■ RECORDS FOR THIS TASK ■
—————

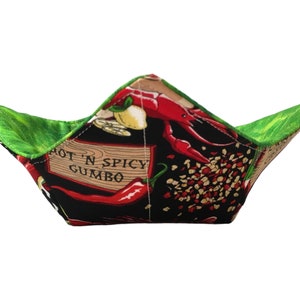 Bowl Cozy~Hot/Cold~Choose you own fabric~Reversible~Great Gift Idea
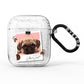 Custom Dog Picture with Name AirPods Glitter Case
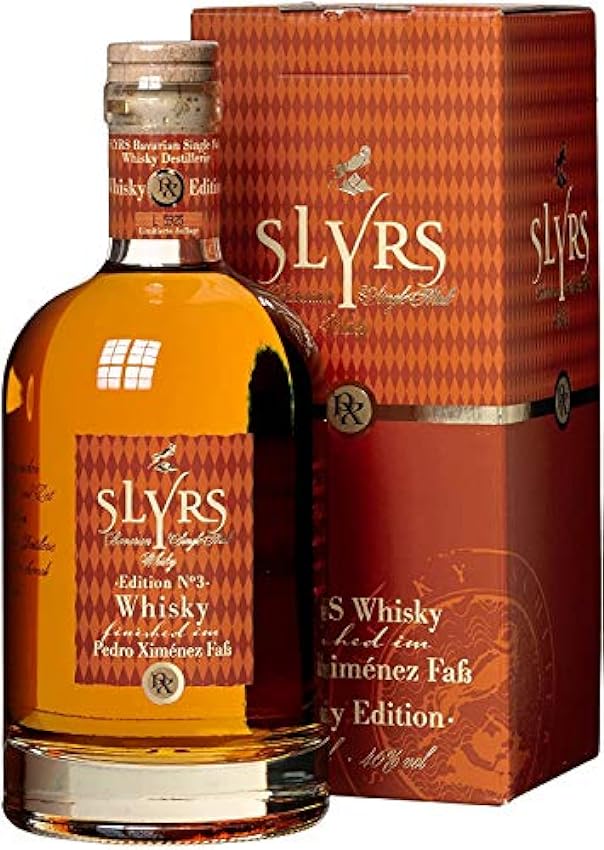 Factory Direct SLYRS Bavarian Single Malt Whisky Pedro Ximenez Finishing 46 percent (1 x 0.7 l) limitierte Edition t3EUHg9t Spezialangebot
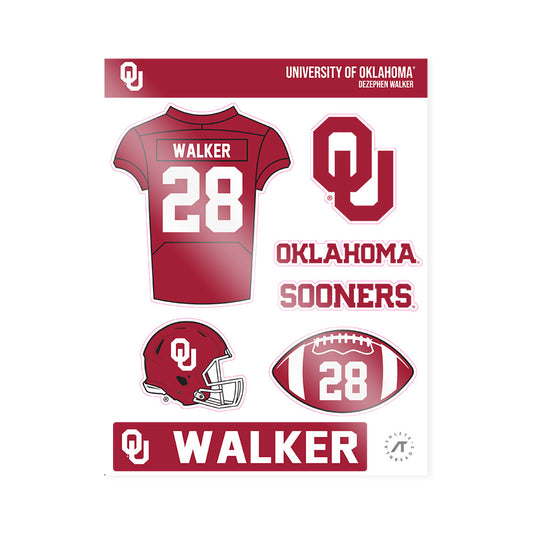 Oklahoma - NCAA Football : DeZephen Walker - Sticker Sheet-0
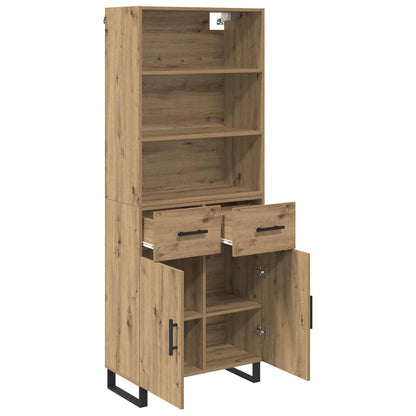 Highboard Artisan-Eiche 69,5 x 34 x 180 cm Holzwerkstoff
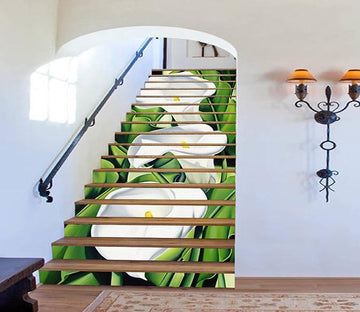 3D Elegant Calla Lily 1502 Stair Risers Wallpaper AJ Wallpaper 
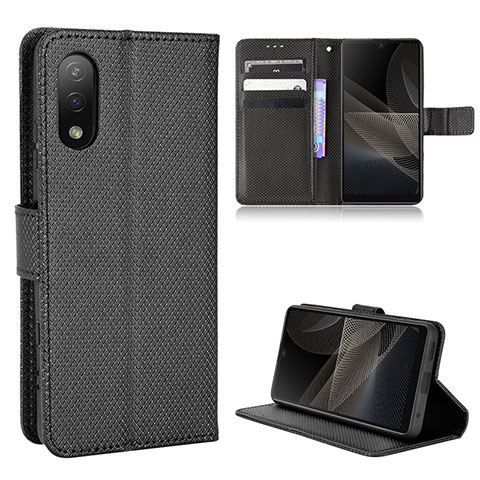 Coque Portefeuille Livre Cuir Etui Clapet BY1 pour Sony Xperia Ace II Noir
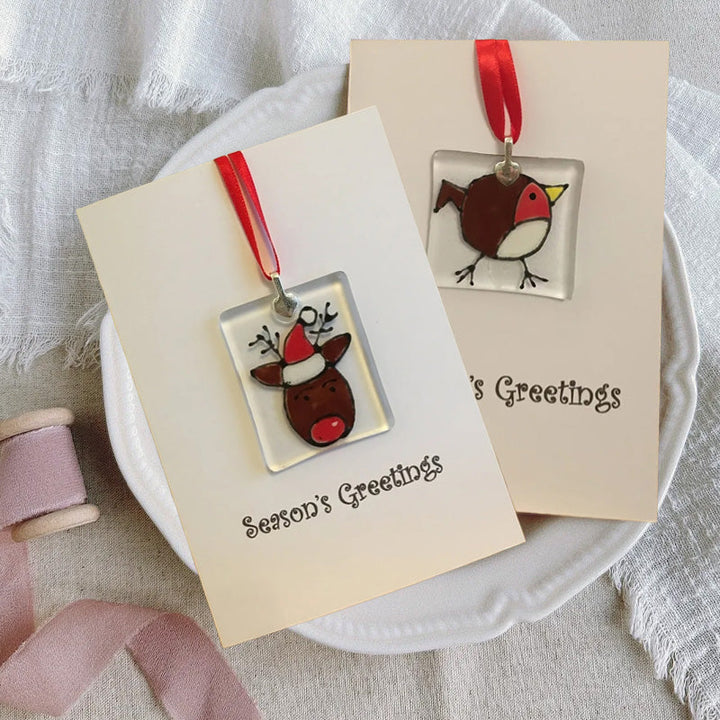 Lisslune | Handmade Christmas card ornaments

—————

■ WHAT IS REQUIRED ■
The required output is the exact lines from the opening line of the entries through the line with "Highboard Artisan-Eiche 69,5", inclusive, without pictures.

■ TASK SOLUTION ■
 Bowl Cozy~Hot/Cold~Choose you own fabric~Reversible~Great Gift Idea
 Custom Dog Picture with Name AirPods Glitter Case
 Factory Direct SLYRS Bavarian Single Malt Whisky Pedro Ximenez Finishing 46 percent (1 x 0.7 l) limitierte Edition t3EUHg9t Spezialangebot
 Oklahoma - NCAA Football : DeZephen Walker - Sticker Sheet-0
 Highboard Artisan-Eiche 69,5 x 34 x 180 cm Holzwerkstoff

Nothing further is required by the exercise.